▶ _Work to be completed_: Each line from the one containing "Wildleder Tasche, Umhängetasche" to the end of the data must be copied exactly, the first and last included; no other lines and no pictures belong in the copy.

▶ _Available records_:

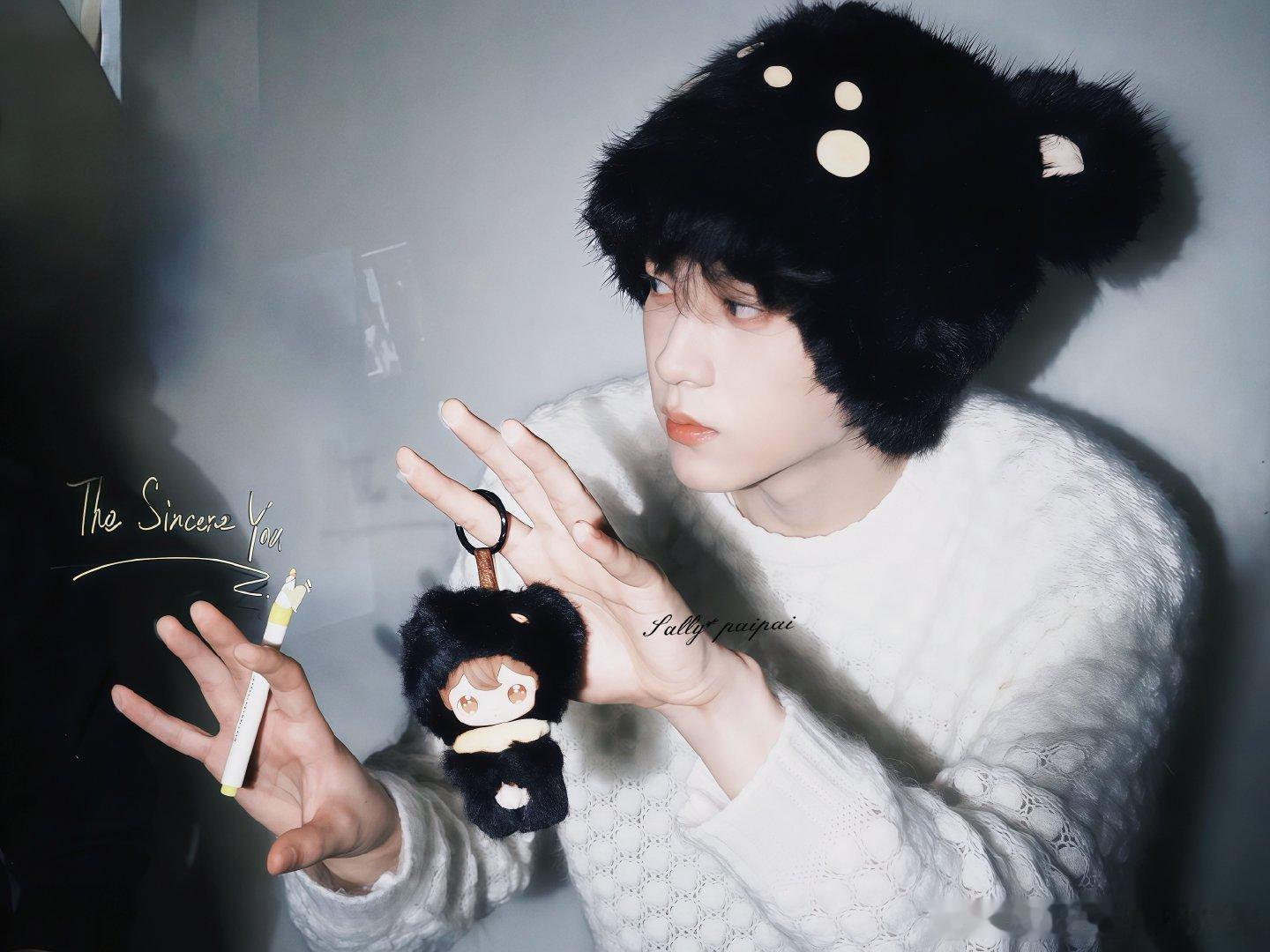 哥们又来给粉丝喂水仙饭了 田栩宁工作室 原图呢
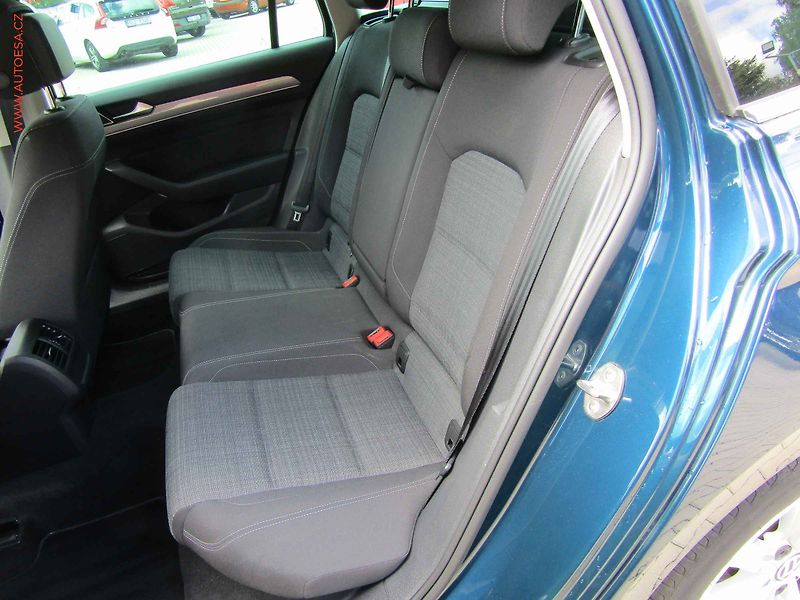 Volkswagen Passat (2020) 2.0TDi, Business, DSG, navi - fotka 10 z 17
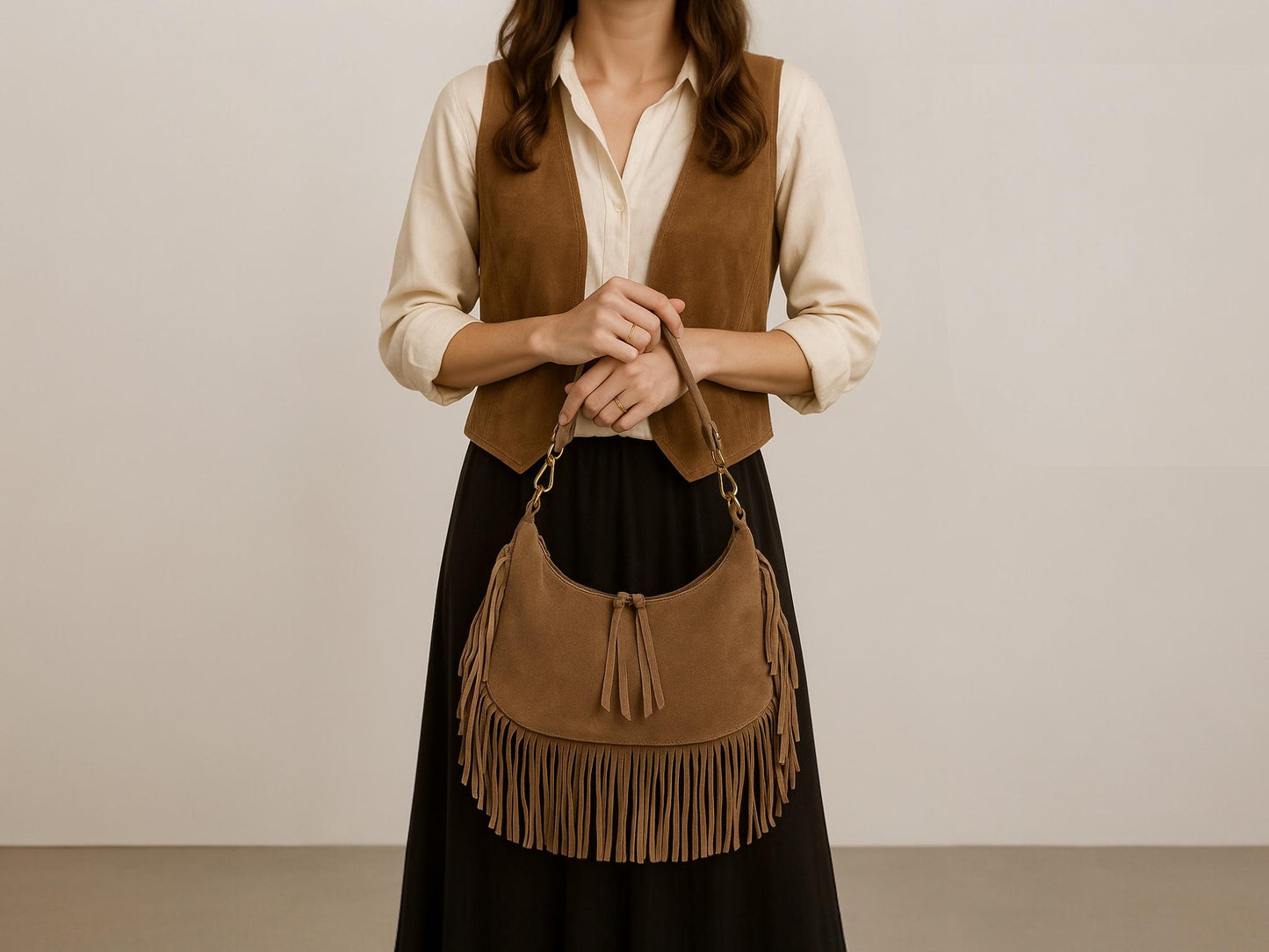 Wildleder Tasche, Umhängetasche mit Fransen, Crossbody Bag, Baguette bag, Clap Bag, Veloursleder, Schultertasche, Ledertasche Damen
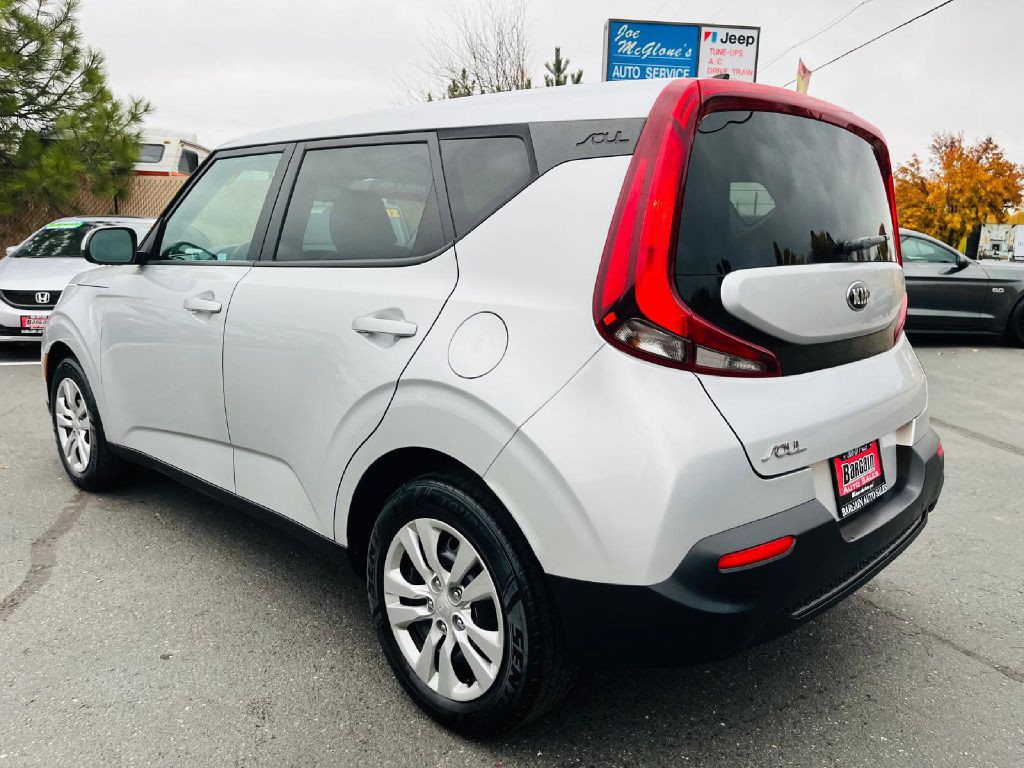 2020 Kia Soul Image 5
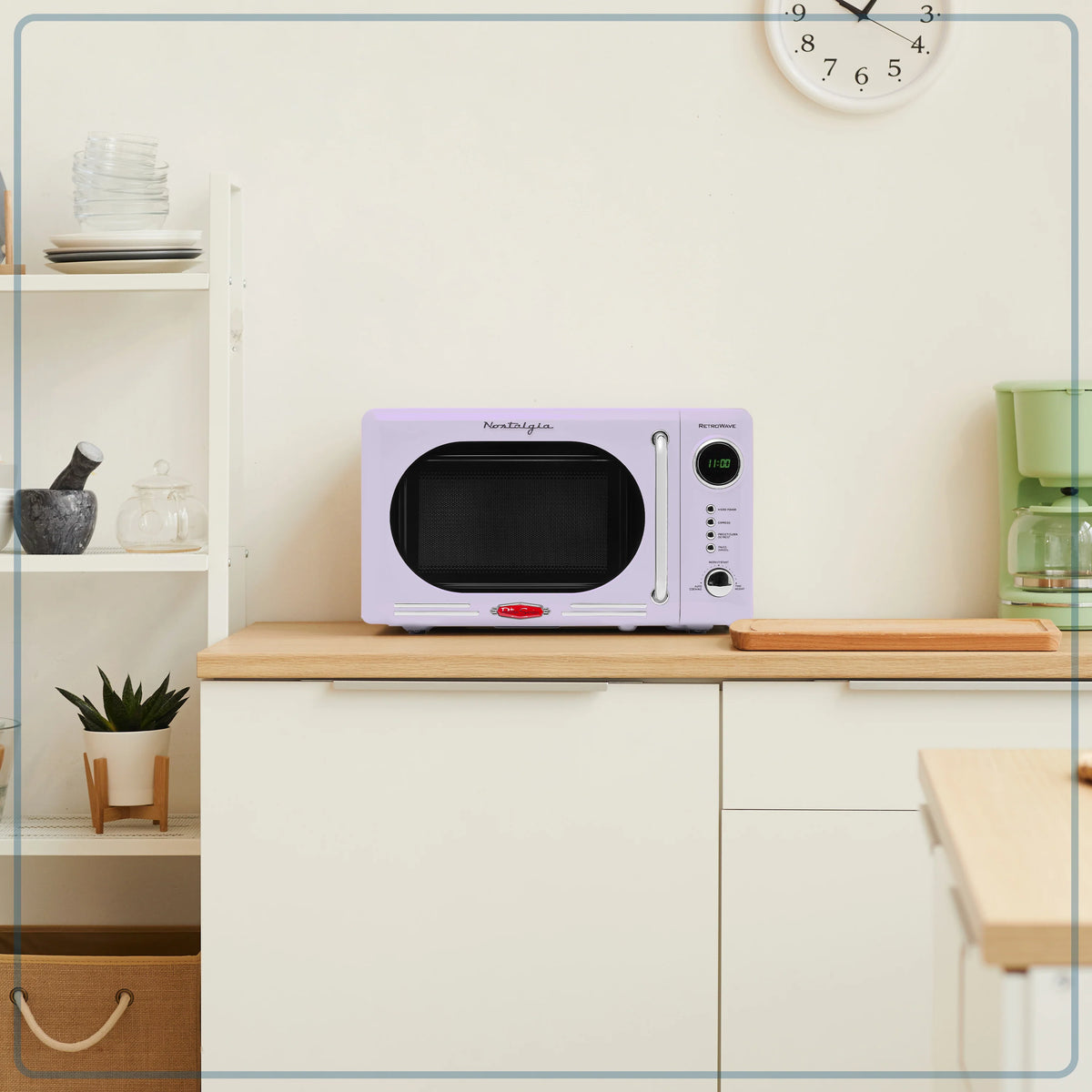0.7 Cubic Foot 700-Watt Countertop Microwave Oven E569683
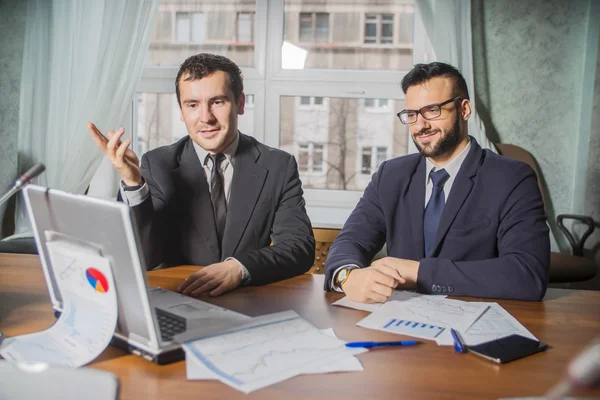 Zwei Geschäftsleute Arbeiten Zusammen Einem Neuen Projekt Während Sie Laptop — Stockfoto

▶ _Response_:
 Wildleder Tasche, Umhängetasche mit Fransen, Crossbody Bag, Baguette bag, Clap Bag, Veloursleder, Schultertasche, Ledertasche Damen
 2020 Kia Soul Image 5
0.7 Cubic Foot 700-Watt Countertop Microwave Oven E569683
 Zwei Geschäftsleute Arbeiten Zusammen Einem Neuen Projekt Während Sie Laptop — Stockfoto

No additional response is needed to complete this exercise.